Data excerpts -
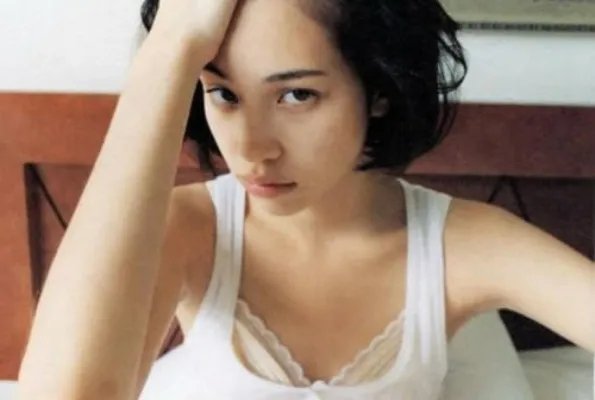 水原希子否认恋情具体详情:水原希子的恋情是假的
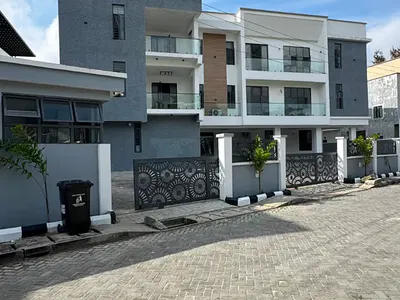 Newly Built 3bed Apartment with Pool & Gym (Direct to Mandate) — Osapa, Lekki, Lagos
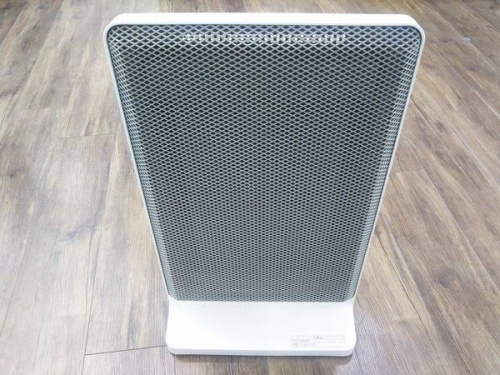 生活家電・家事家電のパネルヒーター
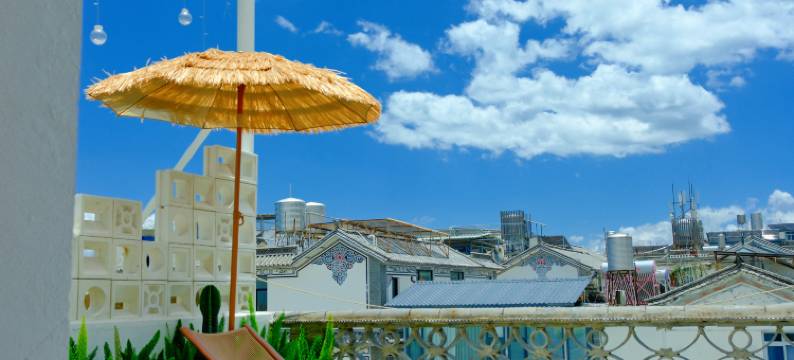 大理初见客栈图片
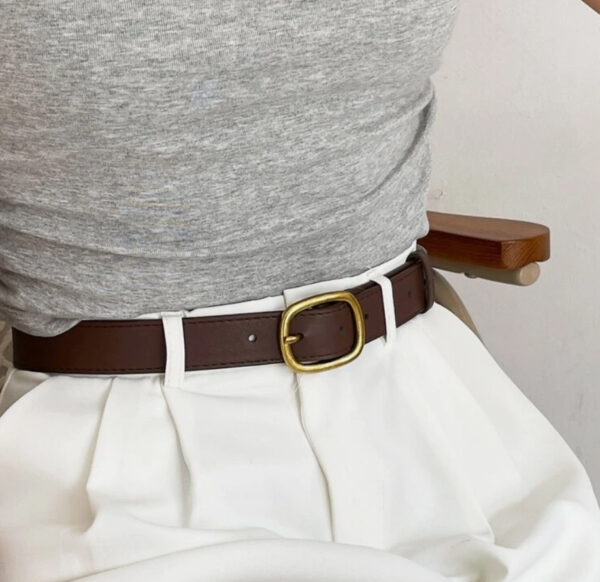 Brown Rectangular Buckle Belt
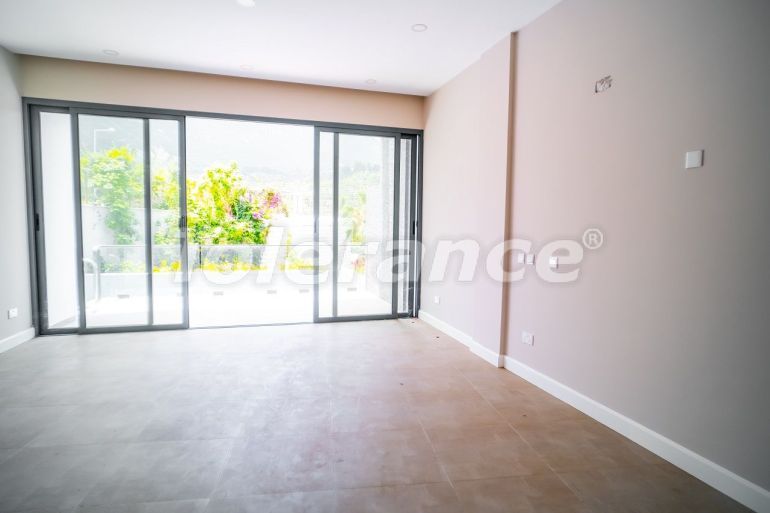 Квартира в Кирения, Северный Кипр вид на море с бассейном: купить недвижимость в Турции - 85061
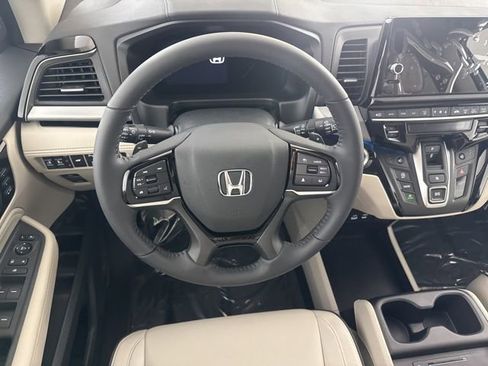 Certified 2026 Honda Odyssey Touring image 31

Exercise brief - All of the listing should be transcribed exactly, but none of its images.

Answer to this task -
 水原希子否认恋情具体详情:水原希子的恋情是假的
 Newly Built 3bed Apartment with Pool & Gym (Direct to Mandate) — Osapa, Lekki, Lagos
 生活家電・家事家電のパネルヒーター
 大理初见客栈图片
 Brown Rectangular Buckle Belt
 Квартира в Кирения, Северный Кипр вид на море с бассейном: купить недвижимость в Турции - 85061
 Certified 2026 Honda Odyssey Touring image 31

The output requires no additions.